Mastering DataWeave’s Map and Reduce Functions: A Comprehensive Guide
In this tutorial, we will solve a DataWeave Interview question. This article will help you practice your DataWeave skills in MuleSoft. Here we have to convert input data to a specific type of Output. Let’s get started.
How the input and output looks like?
Input:
[
{
"param_name": "first",
"param_value": "second"
},
{
"param_name": "third",
"param_value": "fourth"
}
]
Output:
{
"first": "second",
"third": "fourth"
}
Solution:
Lets talk about the solution now. We are going to achieve this in 2 steps as follows:
Step 1:
%dw 2.0
output application/json
---
payload map ((item, index) -> (item.param_name):item.param_value)

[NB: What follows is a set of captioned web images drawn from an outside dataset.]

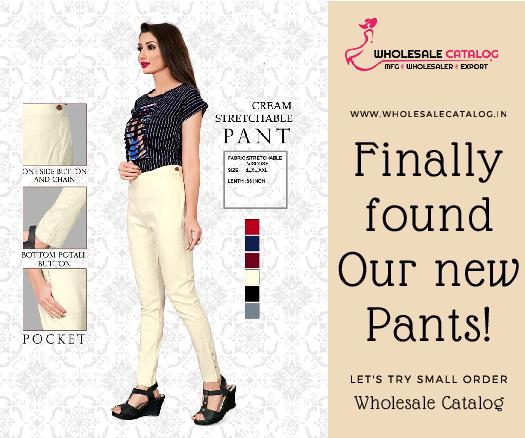 Fiesta Present  Bottom Catalogue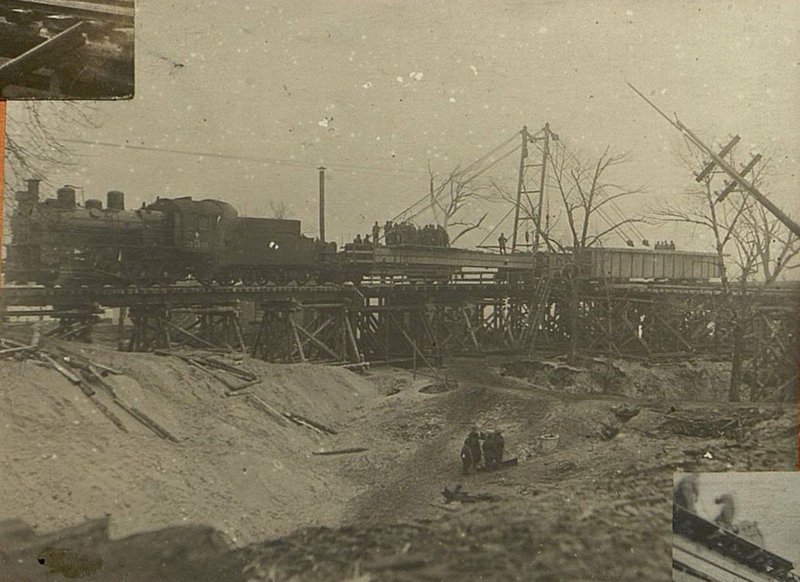 Фотография: Ферма подготовлена для накатки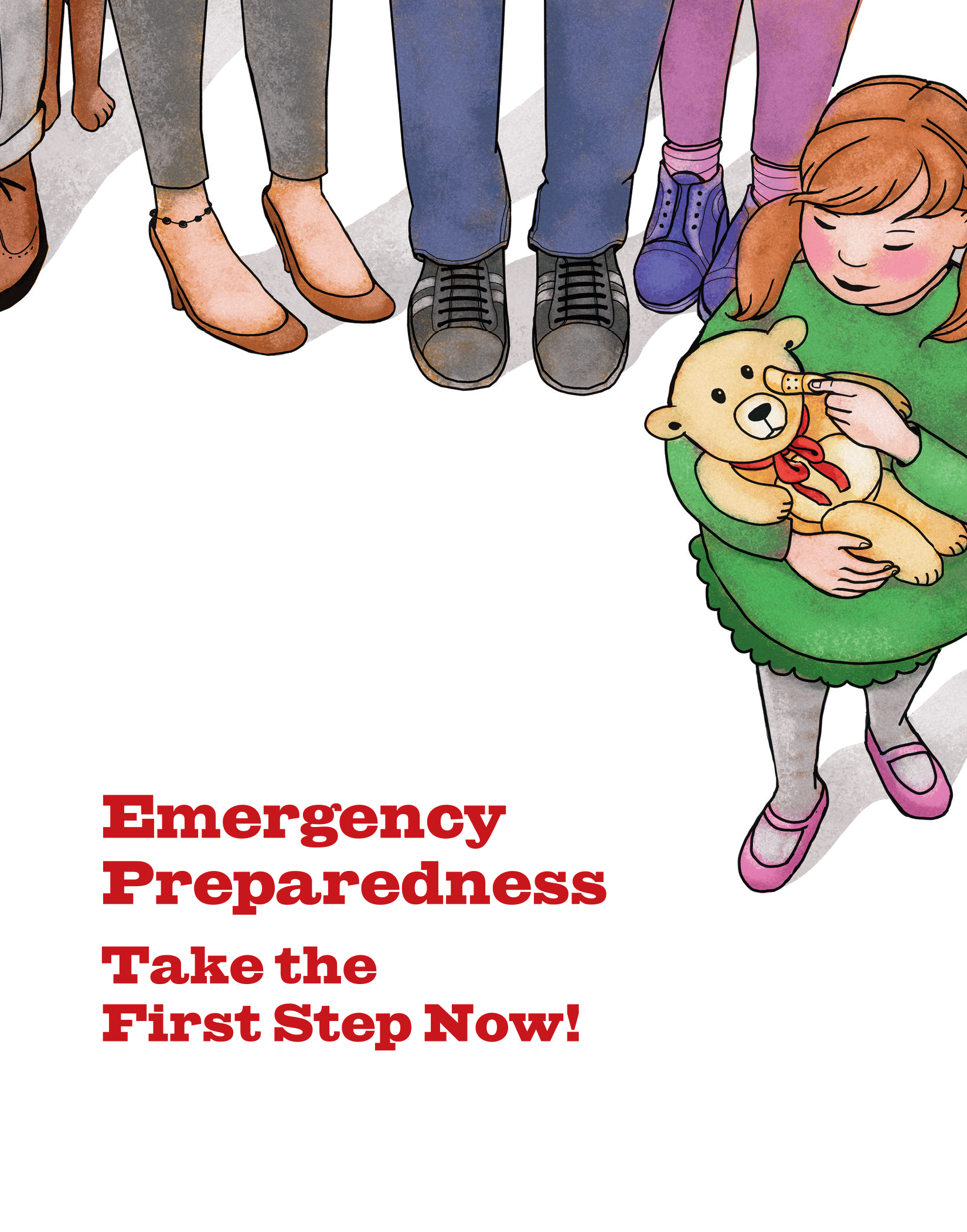 Emergency Preparednes Booklet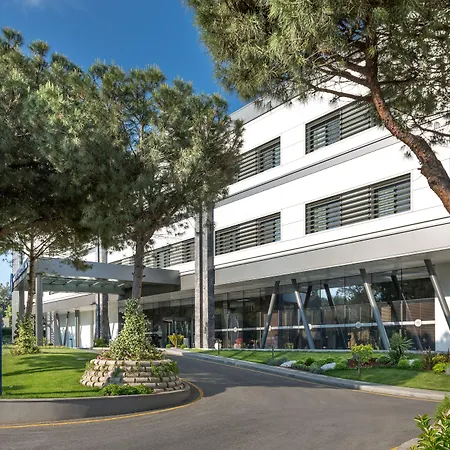 Hotel The Fortyfive Business & 4*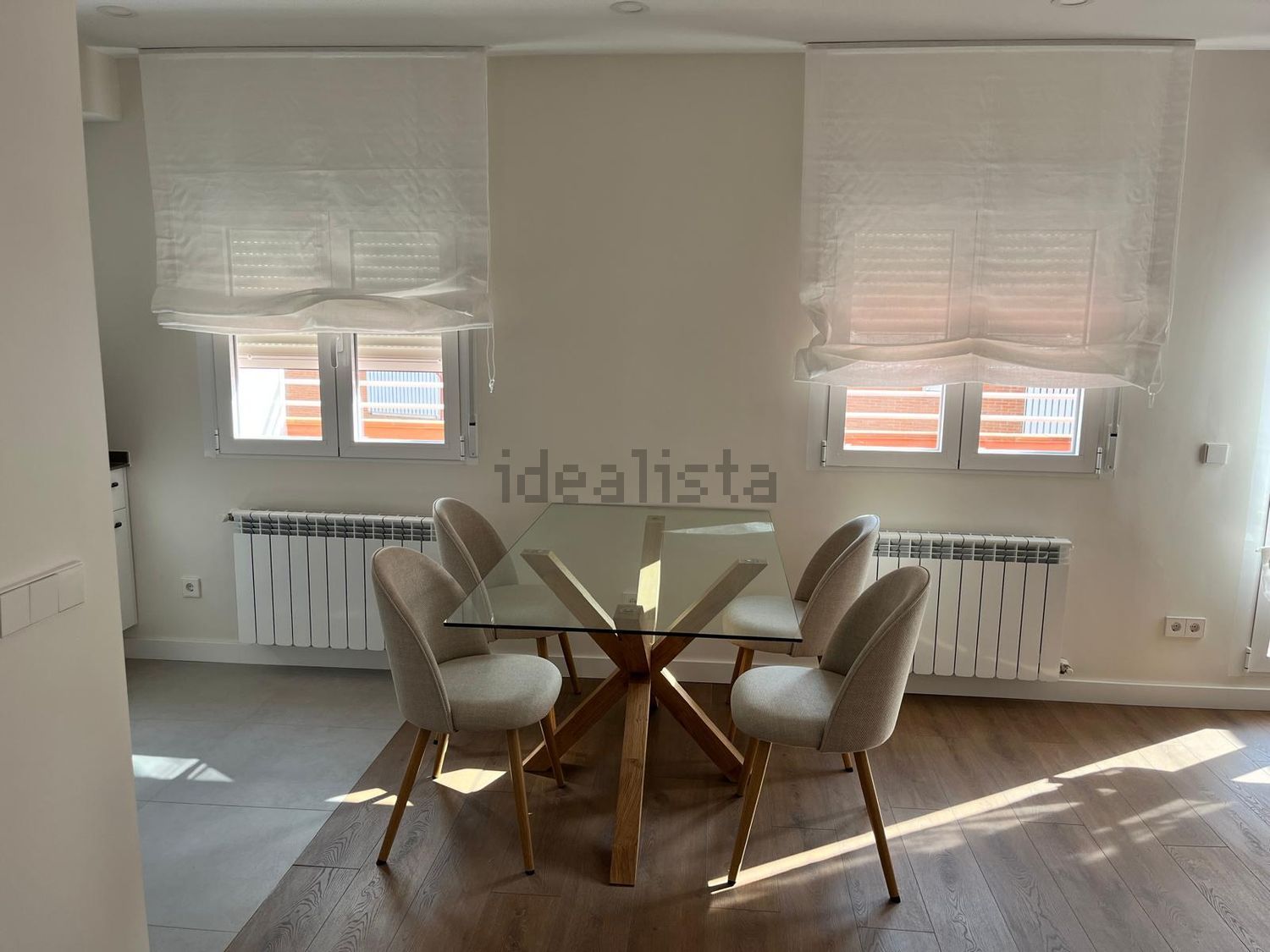 Pis de 88 m² a Madrid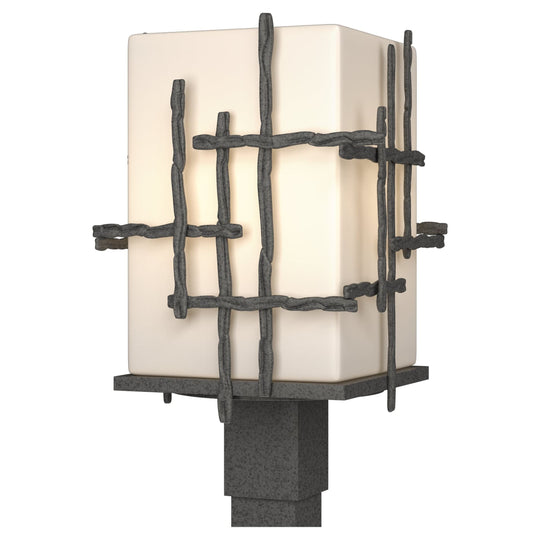 Tura Outdoor Post Light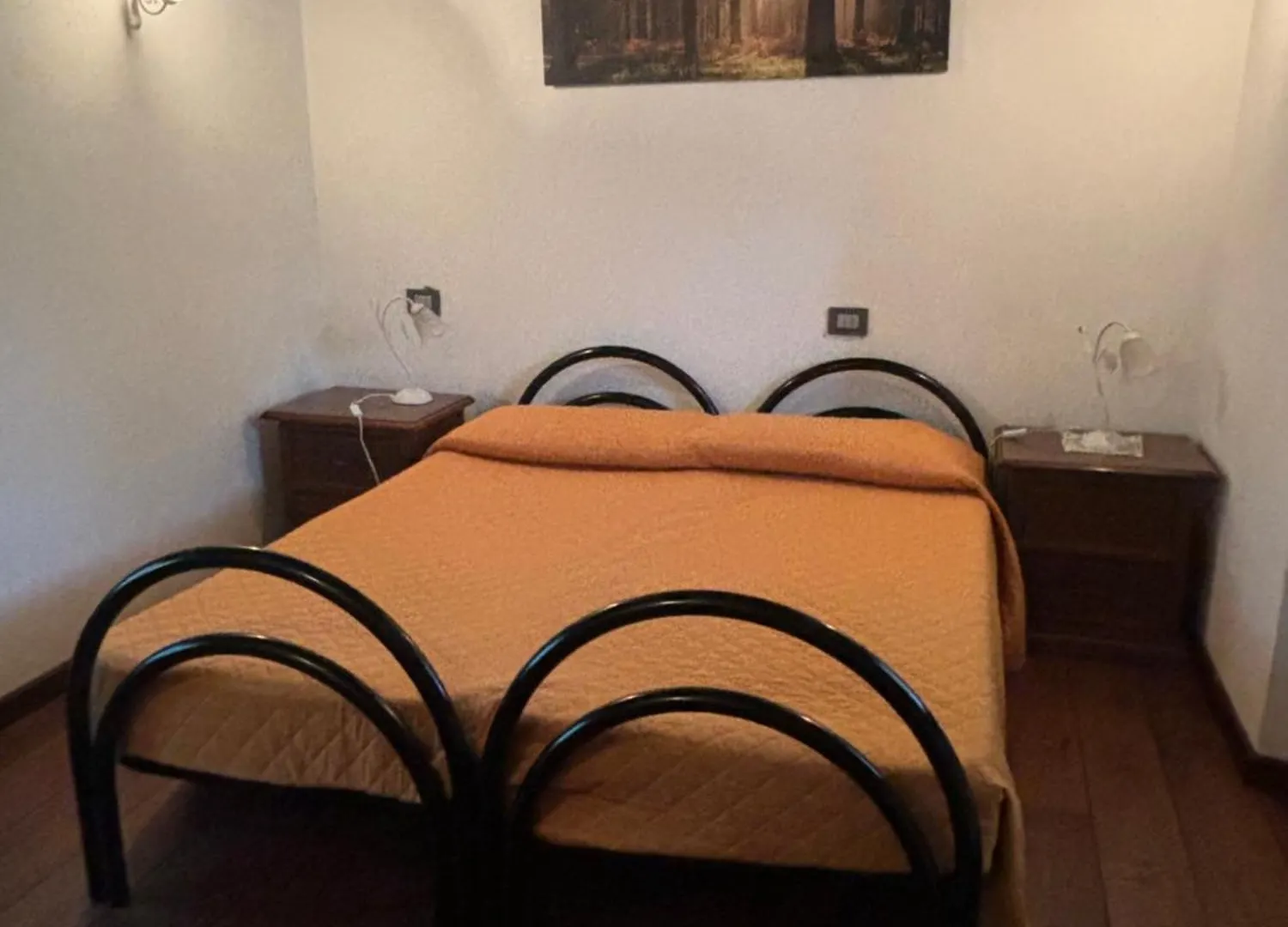 Alloggio per agriturismo Villa Il Pianetto Pieve Fosciana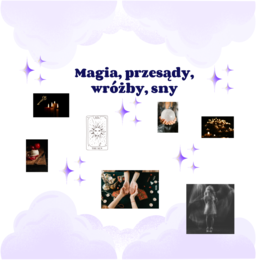 Andrzejki_wróżby, przesądy, magia JĘZYK POLSKI JAKO OBCY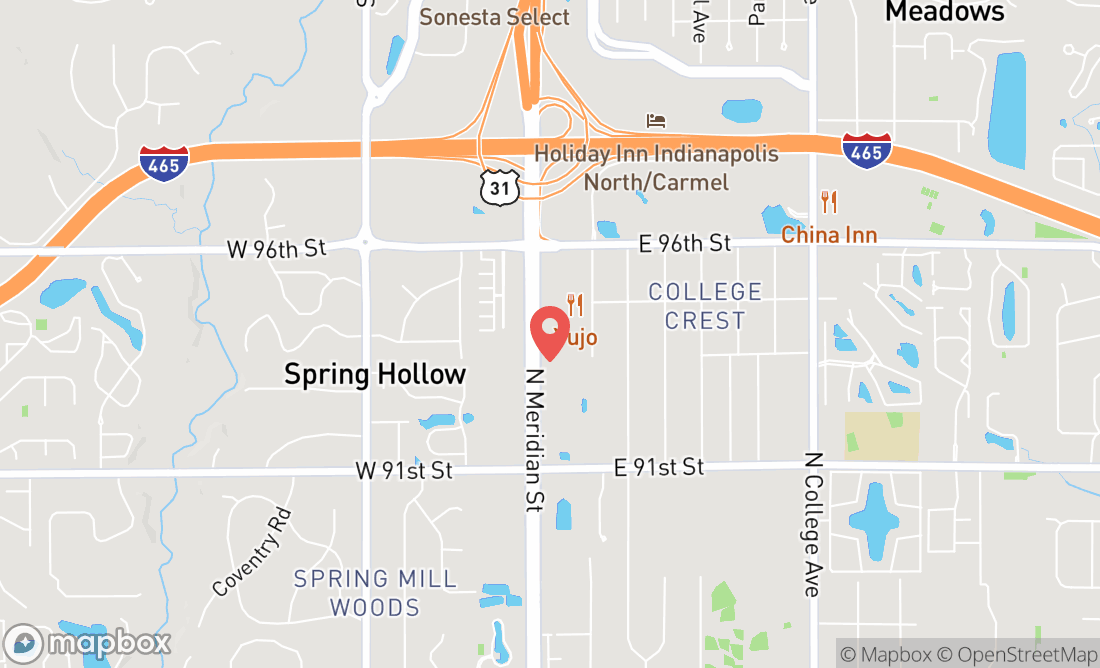 THAD MILLER location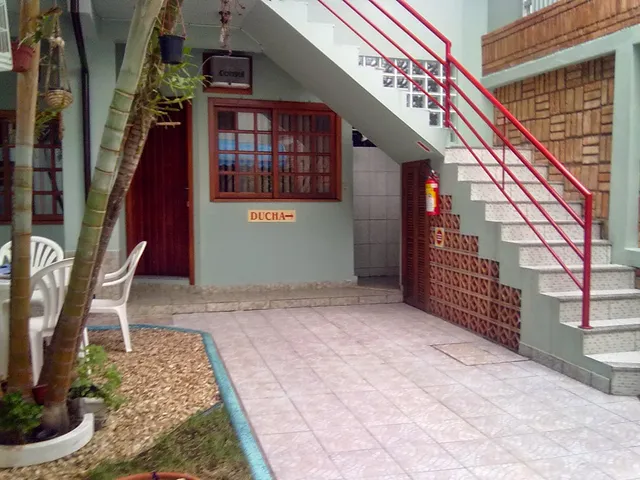 Pousada Baleia Franca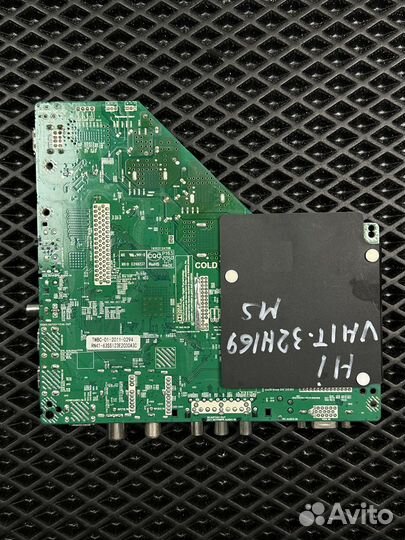 Main PSU TP.MS3663S.PB818 №374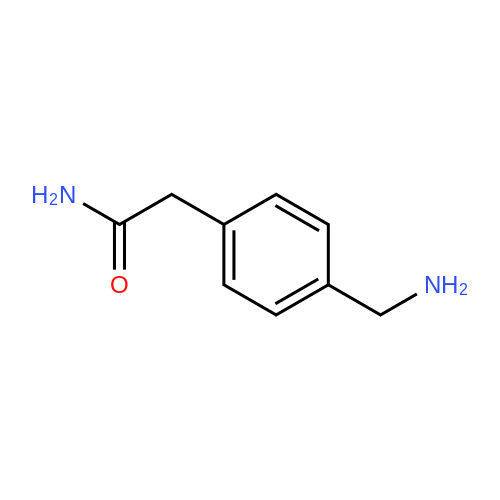 Chemical Structure| 181466-81-9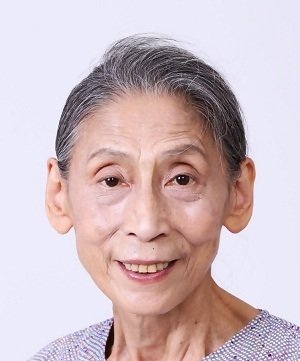 Nakano Motoko photo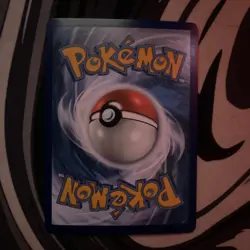 Mewtwo V 030/078 Pokemon GO Holo - Image 3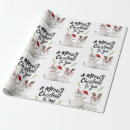 Search for christmas cat wrapping paper Kitty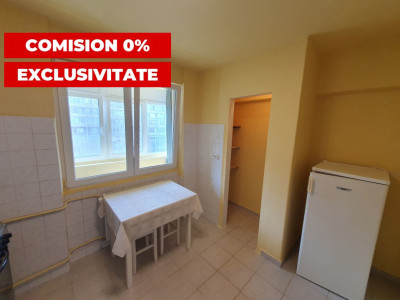 Comision 0% Apartament de inchiriat 2 camere, spatios, zona Gara de Nord, NOKIA imagine mica 12, foxfort.ro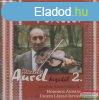 Mandache Aurl hegedl 2. - Festeres CD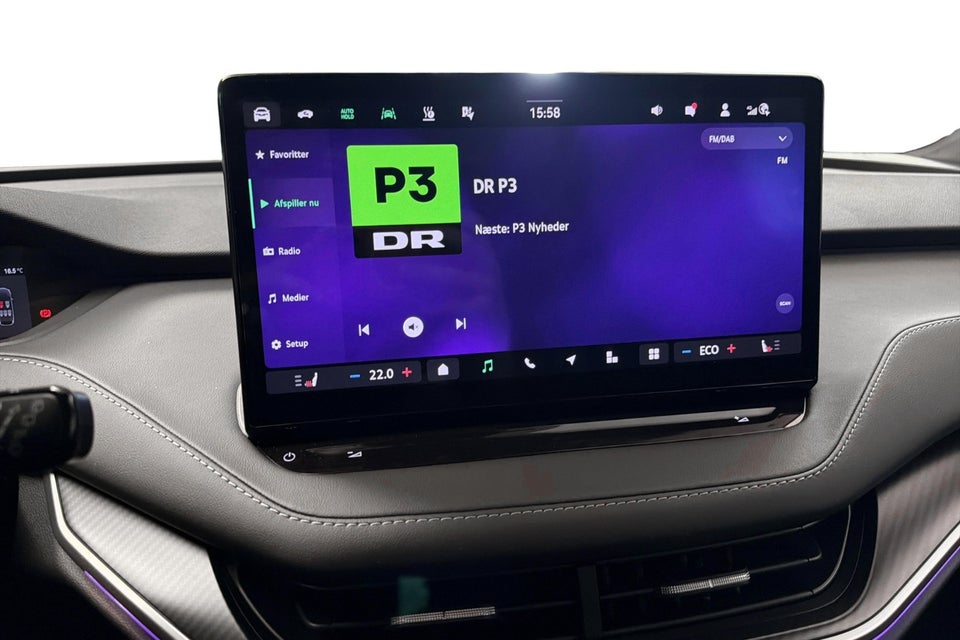 Skoda Elroq 85 iV Sportline 5d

Above code we have applied only the map function which will generate the output as below:
[
{
"first": "second"
},
{
"third": "fourth"
}
]
Step 2:
Step 2 contains the final solution where we have applied the reduce function along with the existing logic of map function:
%dw 2.0
output application/json
---
payload map ((item, index) -> (item.param_name):item.param_value) reduce ((item, accumulator) -> accumulator ++ item)
Which will then generate the final output as below:
{
"first": "second",
"third": "fourth"
}
Hope this helps in improving your DataWeave skills. Will keep you posted with these kind of problem statements and how to use certain DW functions to ease the transformation process.